ドラゴンクエストの小さなメダルについて


 小さなメダルはIVから導入されたシステムで、リメイク版のIIIでも採用されている。

 小さなメダルは、名前からして通貨的ではあるが、取引できるのはメダル王(かタイトル毎の類似キャラ)のみだ。

 そう考えると、小さなメダルは通貨ではなく、メダル王の依頼としての収集品の側面が強い。


 VIからV(リメイク版のVも)およびXは、アイテム一覧からメダルの枚数に応じて選択できる。

 メダル王は特殊な店主という立ち位置であり、メダルはかなり通貨よりの意味を持っている。


 VIからVIIIおよびリメイクのIIIとIVは、小さなメダルの枚数によって受けとるアイテムは選択できず、集めた枚数に応じてアイテムが与えられる。

 つまり、通貨による購入ではなく、収集枚数に応じた報酬と捉えられる。

 依頼の達成度を示すカウンタとして「小さなメダル」という単位が設定されている、という感じだ。


 IXの小さなメダルは、最初はアイテムが選べないが、ある一定数を超えるとアイテムが選択できるようになるという二面性を持っている。
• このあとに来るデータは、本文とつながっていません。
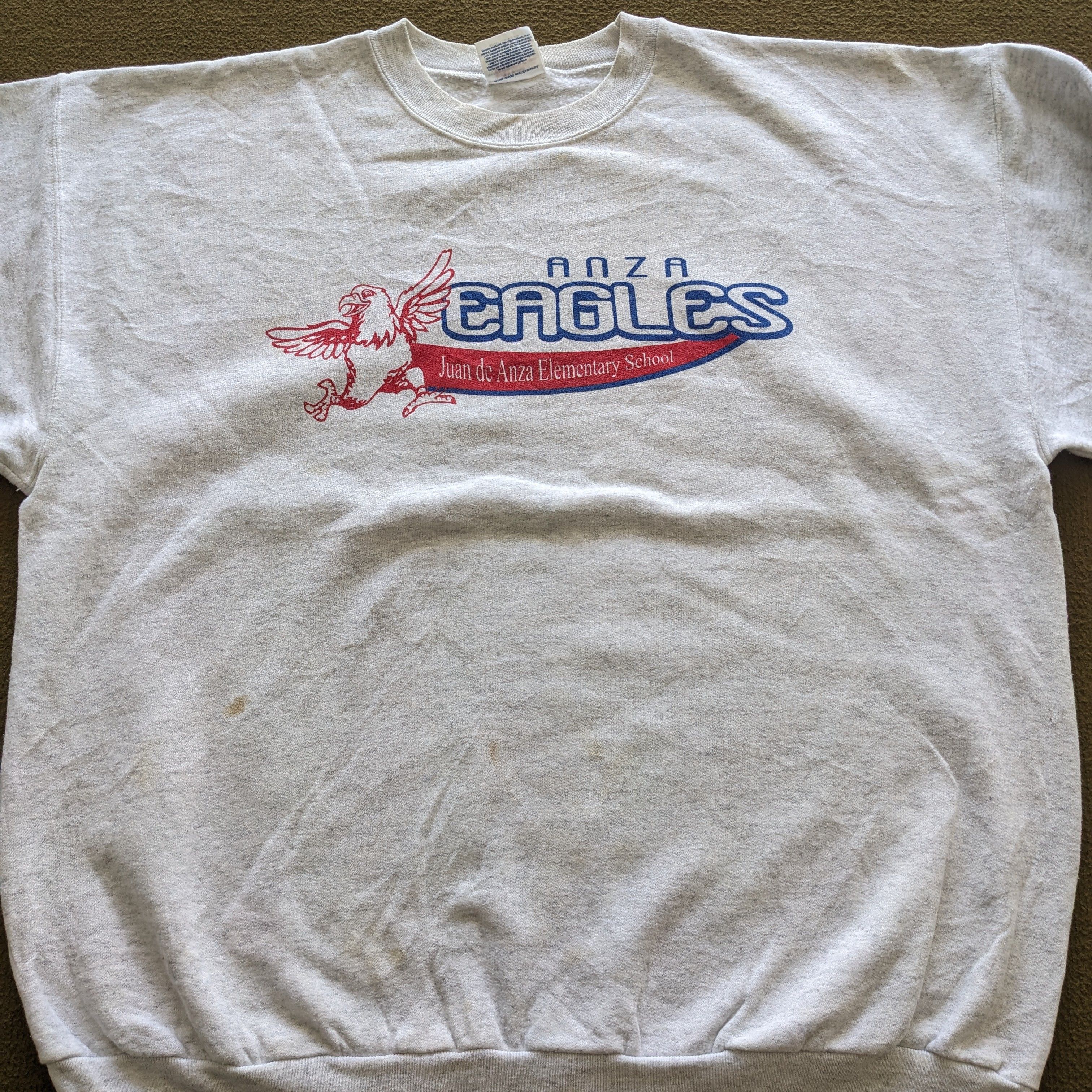 Vintage Vintage ANZA EAGLES American College Sweatshirt Size US L / EU 52-54 / 3 - 2 Thumbnail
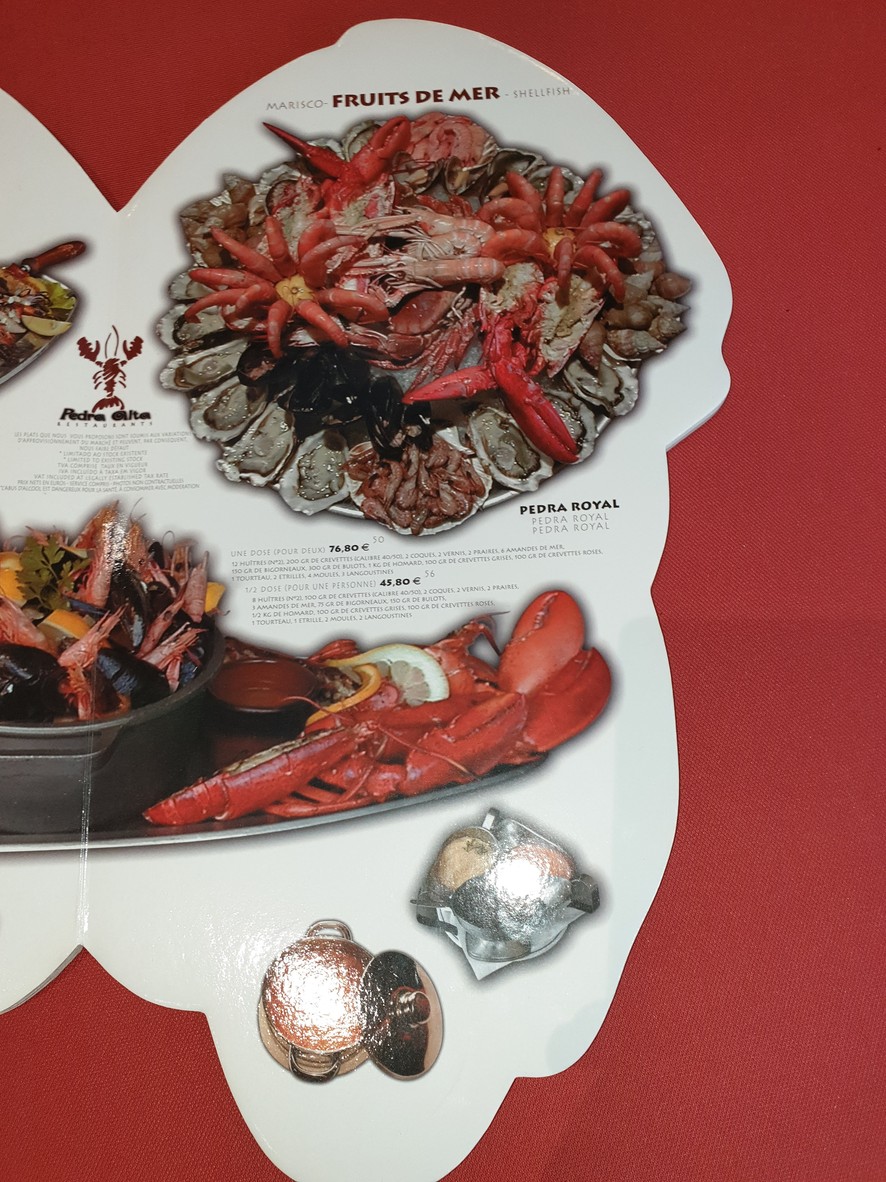Pedra Alta menu 4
 また、物々交換が可能なアイテムとしての側面があるが、小さなメダルは使用しても効果はなく、アイテム単体としての価値はない。

 店で売ろうとしても買い取り不可能か著しく安いので、ドラゴンクエストの世界の常識的にはガラクタの類いのようだ。


 ゲーム内での役割としては、別になくてもいいオマケ要素であり、所謂やりこみ要素の一種だ。

 これはまず、ゲーム進行が停滞した時にちょっと寄り道して、メダル探しをするという、ゲームプレイの硬直防止策として働く。

 そして、他のプレイヤーとの情報交換要素としての働き。

 ゲームクリアに必要ないので、少々理不尽な隠しかたをしてもいい。基本的に小さなメダルはなんのヒントもなく、怪しいっぽいところを調べると発見される。

 そういう発見しづらいものを見つけると嬉しいし自慢したい、見つけにくいものなので場所を知りたい、と情報交換を行う強い理由となる。


 これらの性質は、いかにも怪しそうなマップができてしまった時の対策として有効だ。

 プレイヤーが調べそうだけど、意味のあるアイテムを置くとシナリオに影響が出たり、深読みされてしまったりして置きづらい。

 バランスを崩すような良いアイテムをホイホイ置けない。

 安物ばかり置くと、むしろ邪魔になって探索のやる気を削ぐ事甚だしい。

 かと言って、怪しい所を調べたけど何もないということが続いても、プレイヤーが調べるコマンドを使わなくなってしまう。

 これでは、シナリオの進行が滞りかねない。

 そこで、小さなメダルを置く。

 実にいい解決策と言える。


 デメリットとしては、ゲームの目的が分散し、プレイ体験が散漫になりがちなところ位か。

 ゲームが大作であれば、多くのプレイヤーの嗜好に合わせる必要もあり、プレイ目的の多様性は豊かなプレイ体験に結びつく面が大きく、無難な策といえる。


 何と言っても、極端に性能の高いアイテムさえ与えなければ、見つからなくてもいいアイテムだけに、バランス調整は容易だ。

 制作コストが低い割に効果が高いナイスシステムと言えるだろう。

 ゲームの完成の最終段階に近い所で、ここ怪しそうなんだけど何もないんだよね、って所に配置するだけ! 素晴らしい。

 いや、まぁ、実際はもっとしっかり調整してると思いますが、他に比べると簡単だよね、って話で。